I remember as a kid, watching Fred Flintstone smoking cigarettes. My dad smoked, so did most of my family. We were told smoking was fine. Years later, the obvious outcome was that smoking was not fine, and because of it, I lost a few family members in the process.
What does that have to do with Wind? We all grew up in a period of time where physical testing was considered the only way you validated mechanical systems – whether they’re jet engines or wind turbines. For years, it was accepted that physical testing was how you ensure that a design would meet the design criteria. And so, we marched to the same drum as we did in the 1960s.
But there’s a problem. The customers that we sell products to are angry at the field failure rates. In wind, that failure rate can average nearly 6% and manifest itself into high LTSA costs, variable O&M costs, and in the worst scenario, flip their business and make it unprofitable. In short, the products in the market can kill your business.
So, what do cigarettes and physical testing have in common? Simply, physical testing on its own can kill your business.
How do we know this? First, we know that the failure rates are not changing as an average, even as new products come to replace old products. In fact, the cost of LTSAs are rising, or at least being skewed to high cost in later years. Secondly, we see many operators replacing failed parts with the same parts. Our conclusion has been that they don’t have the information to extend the life of their assets with better longer lasting parts. And finally, the cost and amount of time to run multiple bench tests is prohibitive in bringing new more reliable products to market and so we see a continuation of the failure rates – especially on critical failure components like main bearings and pitch systems.
There’s an obvious answer that most aerospace companies already know and that’s to do an extraordinary amount of computational testing, before physical testing. That way, you can test more data points, increase the loading spectrum and get down to the physical tests that matter the most. Additionally, using operating information from our customers, input conditions from the field to our computational testing simulators allows us to get closer to the actual operating conditions that customers experience in the field.
The next step is to choose longer lasting components in both new designs and for assets already deployed in the field. Let’s look at those cases.
There’s a business model that we’ve proven, where replacement of poorly performing components can decrease the field failure rates from 6% to 3%, a 50% drop in field failures. This involves finding the bad bearings and gears and replacing them throughout the fleet early, before significant damage to the drivetrain. The cost of part replacement is justified through the low cost of up-tower component replacements verses the business value upside of life extension and increased energy production for assets that don’t need to be replaced or experience major overhaul.
The trick is how do you find the bad components. For the sake of argument, we’ve done that work already.

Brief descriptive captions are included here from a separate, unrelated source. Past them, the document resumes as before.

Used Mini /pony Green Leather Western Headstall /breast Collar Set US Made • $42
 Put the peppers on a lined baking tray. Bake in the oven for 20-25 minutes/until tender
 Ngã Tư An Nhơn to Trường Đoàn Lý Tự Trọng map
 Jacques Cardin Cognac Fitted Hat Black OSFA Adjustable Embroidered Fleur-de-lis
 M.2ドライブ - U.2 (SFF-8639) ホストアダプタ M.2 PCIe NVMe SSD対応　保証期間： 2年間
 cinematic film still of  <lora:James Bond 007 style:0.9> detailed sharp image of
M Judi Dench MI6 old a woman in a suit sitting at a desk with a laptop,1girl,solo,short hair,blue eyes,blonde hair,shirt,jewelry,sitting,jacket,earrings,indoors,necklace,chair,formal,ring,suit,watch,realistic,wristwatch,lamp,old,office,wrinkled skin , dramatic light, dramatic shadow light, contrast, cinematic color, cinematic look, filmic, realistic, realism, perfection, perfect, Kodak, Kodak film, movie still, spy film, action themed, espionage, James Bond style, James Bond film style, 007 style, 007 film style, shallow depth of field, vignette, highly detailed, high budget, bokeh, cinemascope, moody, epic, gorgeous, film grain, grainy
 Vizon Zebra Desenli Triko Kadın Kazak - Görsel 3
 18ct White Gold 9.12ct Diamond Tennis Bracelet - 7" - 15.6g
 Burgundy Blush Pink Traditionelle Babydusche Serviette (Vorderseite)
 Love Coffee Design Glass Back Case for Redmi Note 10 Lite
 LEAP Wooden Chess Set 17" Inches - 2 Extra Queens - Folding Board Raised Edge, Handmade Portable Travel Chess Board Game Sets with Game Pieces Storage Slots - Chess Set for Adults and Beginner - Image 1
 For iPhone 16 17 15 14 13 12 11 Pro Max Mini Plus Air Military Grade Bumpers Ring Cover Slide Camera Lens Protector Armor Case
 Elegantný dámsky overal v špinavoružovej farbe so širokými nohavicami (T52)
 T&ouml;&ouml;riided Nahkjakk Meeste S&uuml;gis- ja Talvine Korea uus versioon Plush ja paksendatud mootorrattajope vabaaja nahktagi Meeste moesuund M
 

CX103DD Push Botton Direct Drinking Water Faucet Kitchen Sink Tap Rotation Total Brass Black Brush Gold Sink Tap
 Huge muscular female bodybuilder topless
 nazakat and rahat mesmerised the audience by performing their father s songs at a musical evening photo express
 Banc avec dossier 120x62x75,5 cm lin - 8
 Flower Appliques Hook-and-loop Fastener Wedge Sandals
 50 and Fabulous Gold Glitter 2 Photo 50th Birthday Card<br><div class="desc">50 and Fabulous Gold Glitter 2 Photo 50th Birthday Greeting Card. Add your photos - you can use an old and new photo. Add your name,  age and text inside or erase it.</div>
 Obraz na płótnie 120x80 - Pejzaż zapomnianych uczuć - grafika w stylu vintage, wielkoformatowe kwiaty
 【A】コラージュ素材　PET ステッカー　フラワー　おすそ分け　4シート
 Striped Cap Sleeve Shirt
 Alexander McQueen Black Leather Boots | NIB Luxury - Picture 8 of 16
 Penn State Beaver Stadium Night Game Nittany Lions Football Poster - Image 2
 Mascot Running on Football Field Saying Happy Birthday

For new products and designs, computational testing can drop the failure rate from 6% to 1% by ensuring the right critical components make their way into new products before they go to market. The cost of premature wear in a main bearing on a new design hurts everyone: the OEM, the operator and eventually the consumer. We know there are differences in the quality of metals used in critical components. You would never want to fly in an aircraft that used poor quality metals in its critical components. Why would that be different with a wind asset expected to last 20+ years.
New products must be tested 1000x more than tested today using the operating conditions experienced in the field, creating a much broader loading regime that’s unaffordable today by physical testing only.
I don’t want to leave the impression that physical testing is unimportant or obsolete. Instead, when it’s coupled with computational testing upfront, the combination makes the optimal economic sense.
And, through advances in digitalization it’s possible to buy replacement components at a third of the cost lower than what you’re buying components at today. In automotive, for example, buying groups create economies of scale so that component costs can be as low as possible. In wind, instead of each operator buying alone, the development of buying groups, coupled with replacement forecasts and good terms and conditions can lower component costs by 30%.
There’s good news here: we can find the critical components failing in your wind assets – better and cheaper than ever before. We can reduce the failure rates of your assets by 50% by replacing those components up-tower and before they fail. And we can buy those components at 30% less than what we’re buying them today. So, what’s holding you back?
I remember how many years my parents smoked cigarettes. Even as the data became apparent and the warnings were placed on the cigarette carton, they continued to smoke.
They never thought it would kill them… And you never thought that physical testing by itself would kill your company. How long will it take you to change?